WHAT YOU NEED TO DO: Retype, word for word, only the lines from the one containing "Used 2024 Gray Ford Premium image 18" through the last line of the listing below. Pictures do not belong in the result.

DATA EXTRACT:
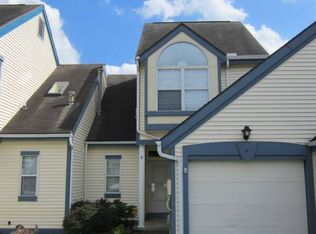 4 Denver Ct E, Endicott, NY 13760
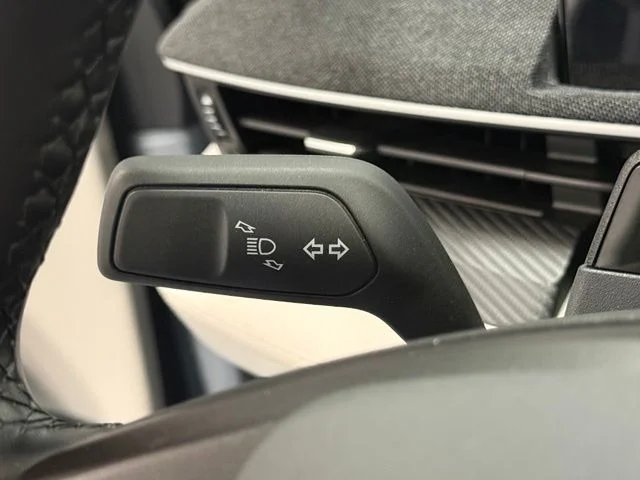 Used 2024 Gray Ford Premium image 18
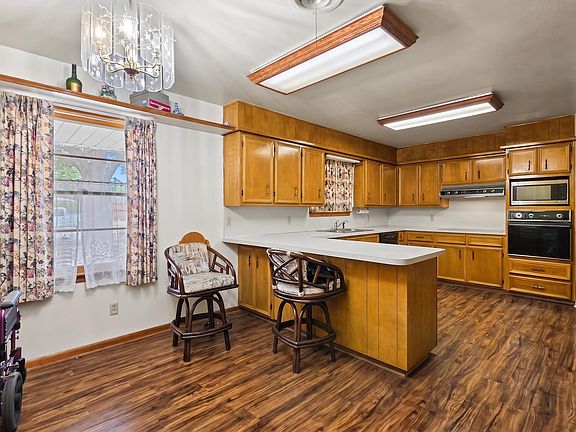 4th image of 4913 17th St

FINAL ANSWER:
 Used 2024 Gray Ford Premium image 18
 4th image of 4913 17th St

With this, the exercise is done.